Como eu disse no post anterior, Bolsonaro tem que decidir se é contra a corrupção ou se vai
mesmo se alinhar à banda podre do Congresso e
do Judiciário. Não pode agir
como os petistas que ele tanto abomina, para quem as leis só valem quando os
favorecem. Se quiser passar a ideia de que é inimigo figadal da corrupção e dos
corruptos, o presidente terá de vetar integralmente o
projeto cafajeste sobre abuso de autoridade aprovado a toque de caixa por
foras-da-lei disfarçados de deputados e senadores, que querem dar voz de
prisão, em nome da lei, aos defensores da lei.
Da forma como foi redesenhado pelos parlamentares, o projeto
não só retira o caráter de proteção geral de cidadãos como se transforma num
instrumento de bloqueio da ação dos órgãos de investigação e acusação, além de
constranger juízes. De acordo com o Ministério
Público, dos 33 crimes tipificados na nova lei, apenas três têm destinação
de parlamentares e seis de autoridades e outros agentes públicos. Juízes são
alcançados por 20 deles, promotores e procuradores por 21, agentes policiais e
profissionais de segurança pública em 28.

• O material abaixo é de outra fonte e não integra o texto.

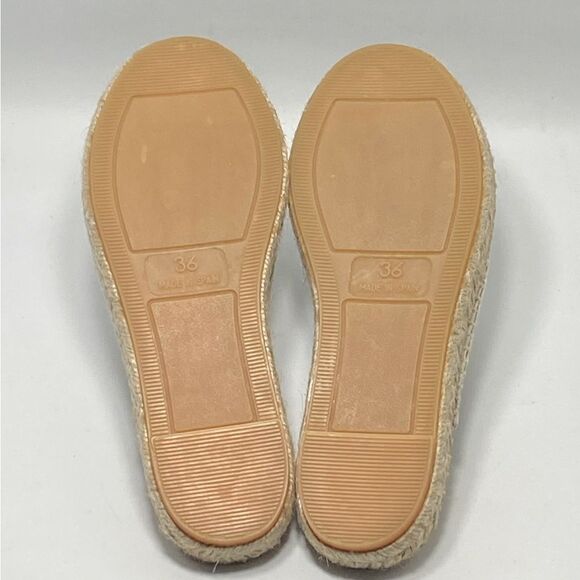 Mario Valentino Leather Espadrille Mules size 36 - Picture 9 of 10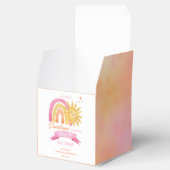 Een kleine Ray van Sunshine Girl Baby shower Bedankdoosjes (Geopend)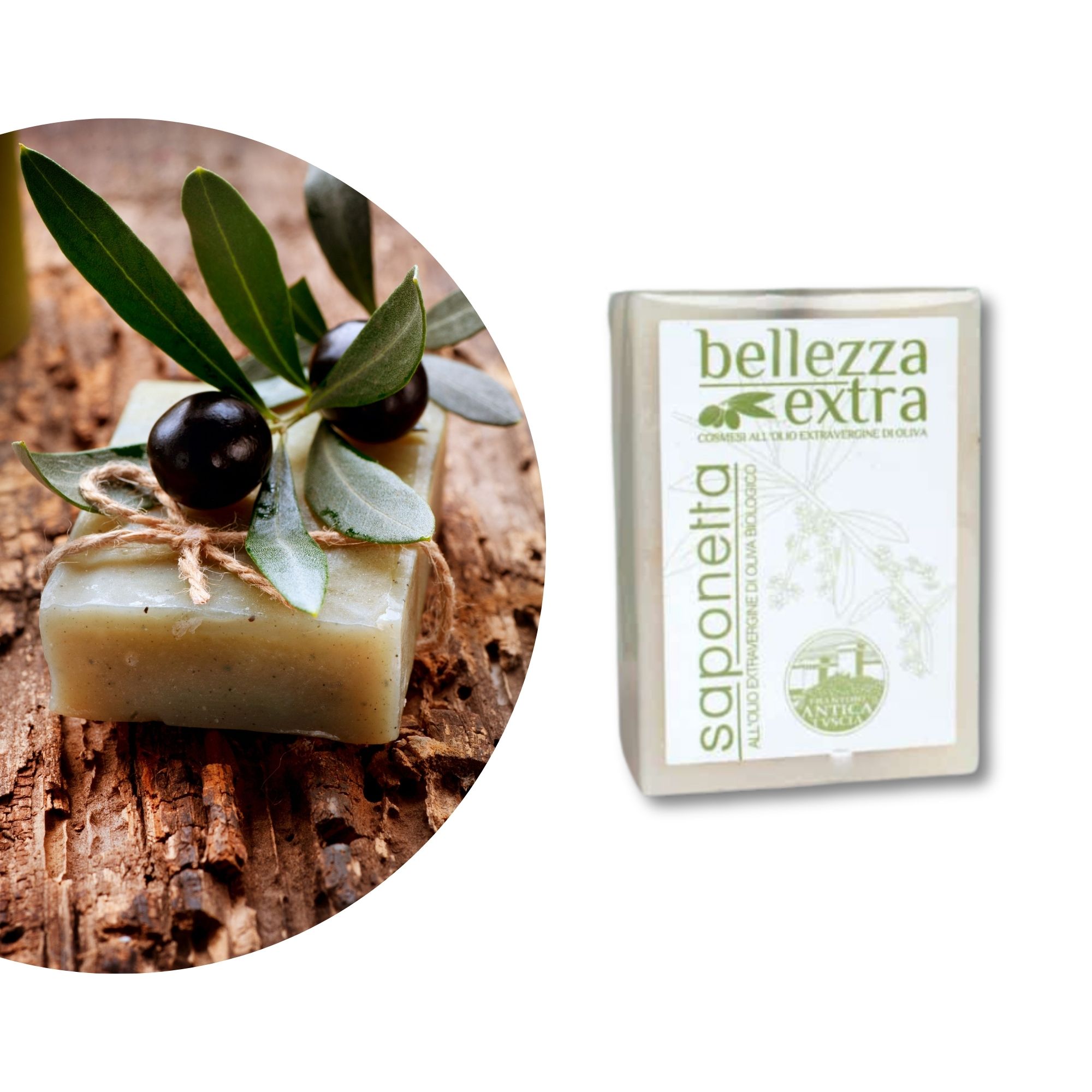 Seife mit Bio-Olivenöl extra vergine – 100 g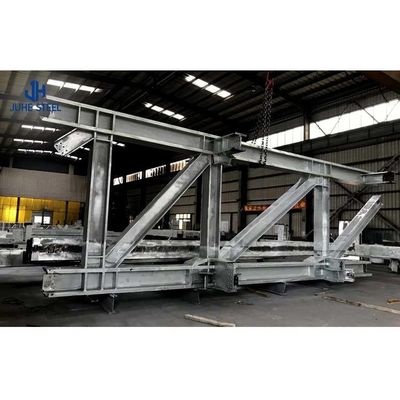 Thép carbon thấp Q235 Q345 Thép kẽm Xưởng kho Hangar Cơ cấu nhà để xe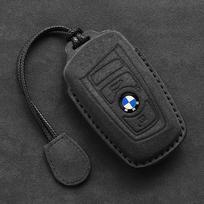 Odinis automobilio raktų dėklas skirtas BMW 1 3 4 5 7 serijai 320i 530i 550i F20 F15 F16 F48 G20 G30 G01 G02 G05 G11 raktų pakabuko zomšos priedai gray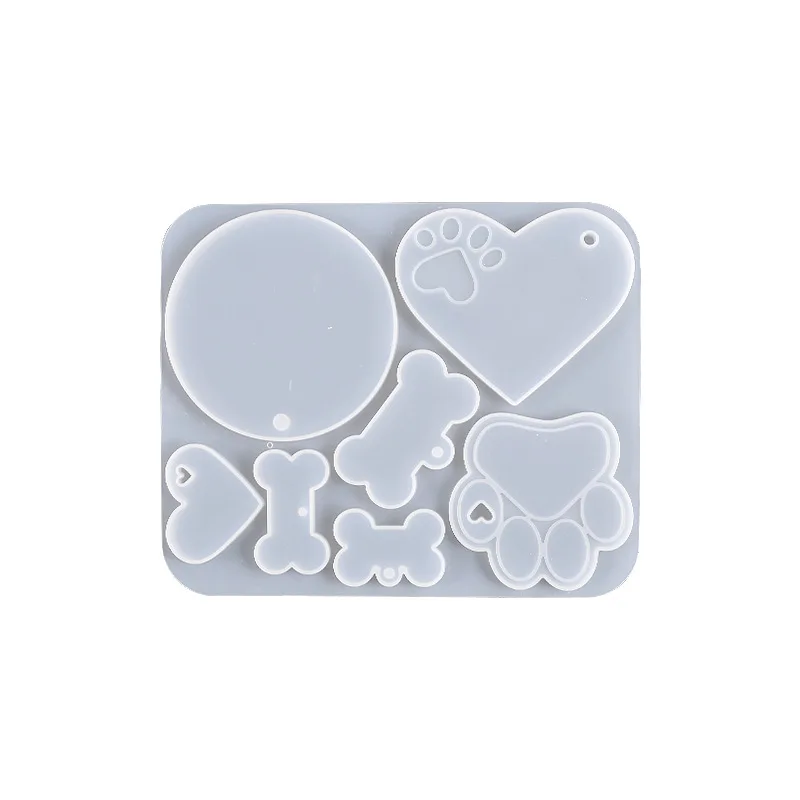 Epoxy Resin Pet Tag Mold-bone Shaped Dog Tag Silicone Mold-heart Shaped Pet  Tag Resin Mold-silicone Cat Tag Mold-resin Craft Mold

A criminalização constrange a capacidade de interpretar as
leis, e foi justamente isso que possibilitou os avanços da Lava-Jato. Limitar a interpretação à letra fria da lei ou
criminalizar as ações de combate à corrupção deixará temerosos investigadores,
juízes, promotores e procuradores — o que, aliás, já vem acontecendo: auditores
da Receita Federal foram afastados
pelo STF por supostamente
investigarem membros do tribunal em “desvio de função”, e o Coaf, que Moro considerava um instrumento fundamental no combate à corrupção
e lavagem de dinheiro, foi transferido para o Banco Central.
Antes mesmo da votação dessa vergonha na Câmara, Moro tuitou que “são os assassinos, ladrões e os bandidos que precisam temer a lei.”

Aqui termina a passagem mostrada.